O presidente da OAB (Ordem dos Advogados do Brasil), Beto Simonetti, destacou em seu discurso o trabalho da classe durante as eleições de 2022.
Ele disse que a OAB foi a primeira instituição civil do país a declarar a lisura das eleições de 2022, a validade da apuração e a necessidade do respeito à vontade popular, "naquele que era um delicado momento da história brasileira".
"Graças a muito trabalho, inclusive do STF e da advocacia, a Constituição triunfou sobre forças obscuras, nostálgicas do autoritarismo, que pretendiam implodir o Estado Democrático de Direito no Brasil", disse.
Também durante a posse, a procuradora-geral da República interina, Elizeta Ramos, elogiou Barroso em seu discurso, ressaltando sua "vocação humanista" e a sua experiência nas altas cortes, seu preparo acadêmico e sua "firme e gentil liderança já provada em outras ocasiões".
Elizeta Ramos evitou citar especificamente ameaças à democracia. No entanto, afirmou que a PGR seguirá com uma atuação socialmente efetiva.
"Sendo uma instituição essencial a Justiça, o 'parquet' brasileiro posta-se ao lado de suas excelências, na defesa dos direitos sociais e individuais disponíveis, da ordem jurídica e da democracia", afirmou.
Novamente sem citar riscos, a procuradora-geral interina também exaltou o trabalho da ministra Rosa Weber por ser a "mulher a frente da defesa do estado democrático de direito", afirmou.
Há dez anos no Supremo, Barroso substitui na presidência da corte a ministra Rosa Weber.
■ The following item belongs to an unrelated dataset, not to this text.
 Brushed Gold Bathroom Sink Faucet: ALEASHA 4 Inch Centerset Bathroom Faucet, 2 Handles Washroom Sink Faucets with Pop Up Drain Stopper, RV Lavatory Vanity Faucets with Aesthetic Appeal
Ela completa 75 anos no dia 2 de outubro e se aposenta compulsoriamente.
O novo presidente tinha dirigido o TSE (Tribunal Superior Eleitoral), em meio a escalada dos ataques do ex-presidente Bolsonaro contra as urnas eletrônicas.
Natural de Vassouras, no Rio de Janeiro, ele foi indicado pela então presidente Dilma Rousseff (PT) e passou a integrar o Supremo em junho de 2013, ocupando o lugar vago deixado por Carlos Ayres Britto. Antes disso, ele já vinha sendo incluído na lista de cotados ao tribunal.
Barroso também tem em seu currículo trajetória acadêmica. É professor titular de direito constitucional da Universidade do Estado do Rio de Janeiro (Uerj), mesma instituição onde concluiu sua própria graduação e o doutorado.